** What this task involves **
Your answer must consist of exactly the lines below, starting with the line with "Slccxzc 3pcs Simulation" and going on through the line with "One And Half Seater Recliner Charcoal Fabric", and nothing else.

** Recorded data **
....

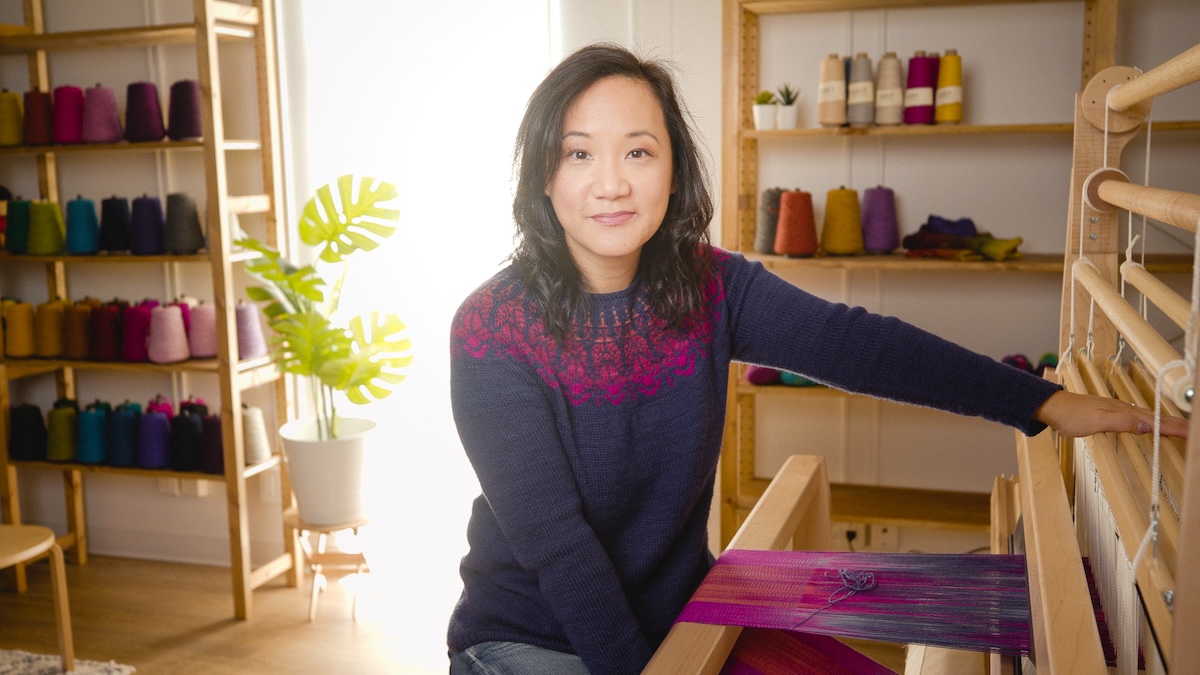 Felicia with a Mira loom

....

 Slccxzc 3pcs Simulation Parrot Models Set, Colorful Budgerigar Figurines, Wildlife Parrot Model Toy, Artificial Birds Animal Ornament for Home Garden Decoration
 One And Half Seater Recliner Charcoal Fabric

....

** Response box **
 Slccxzc 3pcs Simulation Parrot Models Set, Colorful Budgerigar Figurines, Wildlife Parrot Model Toy, Artificial Birds Animal Ornament for Home Garden Decoration
 One And Half Seater Recliner Charcoal Fabric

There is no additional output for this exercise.